知人が厨房から出てきて僕を次々と紹介していく。
驚いたことに理事長さんまでその場にいた。

かいつまんでアートイベントのことを説明して、
ポートレートを撮りたい旨を告げる。
理事長さん、僕の話を最後まで聞くか聞かないかのうちに、
「よし、やろう。誰から撮る?撮られたい人~?」
え? 
いや、著作権の話とか作品の使用方法のこととかがまだ・・・。
そもそも、僕は障がいのある人たちと接するのはほぼ初めてで慣れてないし、
どうしたらいいのか分からないんですけど。
「ほら、カッコよく撮られたい人〜?」
え?え?もう男の人が外でポーズ撮ってるし。
慌ててカメラを持ってあとを追う。
撮影の主旨も説明できないままファインダーを覗く。

っていうか何かしゃべりまくってるけど?
これは無視していいの?なんなの?
失礼な話だけど、どこまでコミュニケーションがとれるか分からない相手と
ファインダー越しに向き合うというのは、こちらの気持ちも整理がつかない。
なんだ?ゆっくり話したら通じるのか?
いきなり怒り出したりしないかとか、早く撮らないとどこかに走っていってしまうのではないか、などと余計なことが頭をよぎる。
構図が、光質が、などと言っている暇はない。
怖がられないうちに撮らないと。
直感を頼りに笑顔でいてくれているうちにとにかくシャッターを切る。
今回の作品のためのポーズとして「指を差す」というのを全てのモデルに
お願いしているのだけれど、それを伝えるので精一杯。
(作品の詳細は省きます。
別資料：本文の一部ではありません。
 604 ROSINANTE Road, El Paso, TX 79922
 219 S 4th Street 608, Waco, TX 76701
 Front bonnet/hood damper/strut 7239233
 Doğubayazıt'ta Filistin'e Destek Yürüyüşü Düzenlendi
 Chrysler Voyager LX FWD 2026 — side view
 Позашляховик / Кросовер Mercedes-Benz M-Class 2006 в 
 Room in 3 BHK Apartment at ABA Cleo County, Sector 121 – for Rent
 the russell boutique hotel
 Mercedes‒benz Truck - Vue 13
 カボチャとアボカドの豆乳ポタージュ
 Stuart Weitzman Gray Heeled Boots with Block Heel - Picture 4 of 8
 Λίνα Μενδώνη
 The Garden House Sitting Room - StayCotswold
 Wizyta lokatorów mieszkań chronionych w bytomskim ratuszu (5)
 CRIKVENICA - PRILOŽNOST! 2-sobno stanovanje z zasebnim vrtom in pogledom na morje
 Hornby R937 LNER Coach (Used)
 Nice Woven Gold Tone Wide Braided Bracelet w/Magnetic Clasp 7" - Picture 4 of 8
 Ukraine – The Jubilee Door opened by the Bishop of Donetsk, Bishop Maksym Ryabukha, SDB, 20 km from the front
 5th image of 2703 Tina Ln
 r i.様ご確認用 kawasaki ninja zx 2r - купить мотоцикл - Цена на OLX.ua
写真用のホームページをご覧下さい。
http://hamaryunosuke-official.com/ )
その間にもこちらの気持ちなどお構いなしに理事長さんは
モデルさんをどんどん連れてくる。
はい次は彼、はい次は彼女、はい次は・・・、いや、待て待て待て待て。

それぞれのお店で仕事中なのに手を休め、わざわざモデルを務めてくれる障がい者の人たち。
恥ずかしがりながらも真摯に被写体になってくれているのがよく分かる。
それにしてもモデルさんたち、どうしたことか僕を警戒する気配がまったく無い。
大抵の人は知らない人間にカメラを向けられれば警戒するものだ。
これは初対面がファインダー越しだったことで気づけたのかもしれないが、
彼らのまなざしはまっすぐなのだ、ズバッと来る。
街中でスナップポートレートを撮ると一人につき20枚くらいは撮るのだけど、
彼らの中には1枚で決まる人もいた。
それぐらい常にリラックスしているってことかな。

僕が初対面のモデルの目を照れずにまっすぐ見ることができるのは、
カメラというフィルターがあるからだ。
それは裏を返せばカメラがないと相手の目を見つめられないということになる。
それは僕だけじゃないはずだ。
でも彼らはどうだ。
よく障がい者の人たちのことを純粋というがこういうことなのか?

それからもお店の中からどんどん人が出てくる。
っていうか近い近い近い近い。
なにか聞かれてるけど聞き取れない。
え?って言ってる間に手を握られる。
おう?これはどうしたらいいんだ?おう?
握手?でもない。
「・・・・・・すか?」
は?
「・・・・・・ますか?」
え?
「フェイスブックやってますか?」
え?なぜいま?

理事長さんに助けを求めようとしてもモデルを探しに行ったきり。
小パニック。どうすりゃいいんだ、この状況。放置です。

そうは言いつつもモデルさんたちの醸し出す優しい空気、笑顔に引き込まれ、
僕は途中からはものすごい集中して撮影していたと思う。
夢中でシャッターを切り撮影はあっという間に終わった。
十五人のモデルさんをおそらく三十分かからないで撮り終える。
あとで見ると、写っていたのはたくさんの素敵な笑顔。
僕が撮ったというよりも彼らが撮らせてくれたのだ。

そしてデータチェックをしながらふと気づく。
壁を作り、相手を訝しんでいたのは僕のほうだったようだ。
構えていたのは僕のほうだった。
心の中ですまなく思う。
でもなぜ謝る?
初対面の人に対して構えるのは普通だろう?
みんなそうしてる。
普通って?
僕と彼らとどっちが普通なんだ?
どっち?
もうその時点で区別してないか?
差別でなくて区別。
僕は差別はしていないと思う。
でも区別は・・・してるかもしれない。
いや、「かも」ではなくて、してるな・・・。

撮影に集中して心の構えが解けたとき、本当に楽しくシャッターを切れた。
会話をしながら撮ることはあっても、大声で笑いながら撮ったことはなかなか記憶にない。
カメラと一体になったような不思議なあの感覚。
自分とモデルの間にカメラがないようなあの感覚。
彼らの持つ空気がそうさせたのだと思うと、僕の中になんとも言えない感情が湧いてきた。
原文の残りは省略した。